There were a number of factors that influenced Prince Henry's voyages of exploration. But along with these emerged another, more pragmatic, reason to explore. Although the Portuguese had long viewed the Atlantic as their major trading area and they had few business interests in the Mediterranean, Prince Henry saw Africa as a rich market teeming with natural resources and raw materials.

Portugal exported salt, wine, fresh and dried fruit, oil, honey, dried shellfish, cork, hops, and other raw materials to northern Europe in exchange for grain and flour, dried and salted fish, dairy products, metals, wood and other forest products for shipbuilding, textiles and other manufactured goods. Although the fifteenth and sixteenth centuries are noted as a period of expansion of European influence, it is important to note that this era of commercial and colonial expansion was not the first. In fact, commercial trade enjoyed a long and extensive history in the Mediterranean and the Atlantic, both in luxury items and articles of general consumption.

At the time of its conquest by the Portuguese, Ceuta was home to approximately 24,000 commercial establishments - some amounted to no more than market stalls - dealing in precious metals, silks, spices, and weapons, but since the Portuguese occupation of the city, trade gradually diminished to nothing. There were two ways to revitalise the city: either the Portuguese could establish a lasting peace with the North Africans, or they could conquer the territory around Ceuta to provide the city with an economic hinterland from which they could draw resources and markets. Because conflict between Islam and European Christianity prohibited a lasting peace from being established, in later years the Portuguese would try to gain control of the economic hinterland with disastrous results.

As we have seen, there were a number of reasons that Prince Henry began his voyages of exploration.
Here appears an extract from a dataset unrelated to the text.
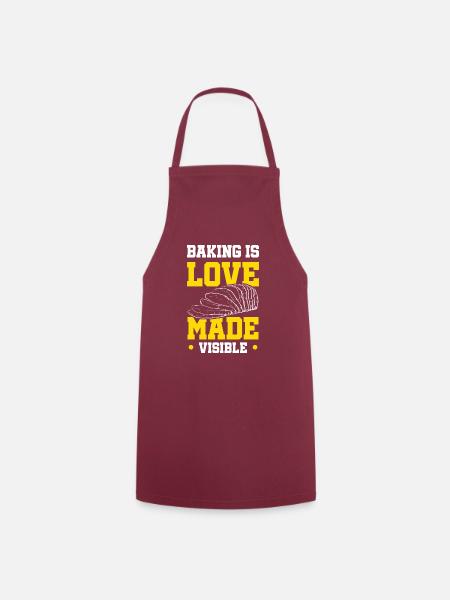 Baking is Love - Kochschürze - Bordeaux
Azurara, one of Prince Henry's contemporaries and chroniclers, summarised them as:

1. The desire to know the country beyond Cape Bojador. 2. To establish trade relations advantageous to Portugal. 3. To determine the strength of his enemies in the region. 4. To seek allies to help wage battles against the enemies of Christianity. 5. To spread Christianity. The collapse of the Roman Empire in the fifth century did not bring with it the decline of commerce and trade in North Africa. Indeed, control of trade had merely fallen into local hands. When Portugal attempted to re-enter the North African trade, they discovered that they had to rely on a great number of intermediaries to do business, denying them the indispensable source of travel to gather information about African geography. The capture of Ceuta in 1415 meant, however, that Portuguese settlers were exposed to a larger number of stories about the interior of Africa. Denied the opportunity to explore the interior of Africa by land, Henry began to set his mind to an alternate approach; instead of exploring Africa directly, Prince Henry would attempt an encirclement, and would explore Africa by sea.

The two captains Prince Henry chose for his first expedition to explore Cape Bojador were not experienced sailors. Perhaps the selection was deliberate, for it seemed unlikely that any experienced sailor who had come into contact with the myths and legends surrounding sea travel would willingly sail into the unknown.

The Age of Exploration marked the apogee of Portuguese imperial power and wealth. At the beginning of the fifteenth century Portugal had a population of one and a quarter million and an economy dependent on maritime trade with Northern Europe. Although Portugal lacked the wealth and population of its contemporaries, it would lead the European community in the exploration of sea routes to the African continent, the Atlantic Islands, and to Asia and South America over the course of the sixteenth century.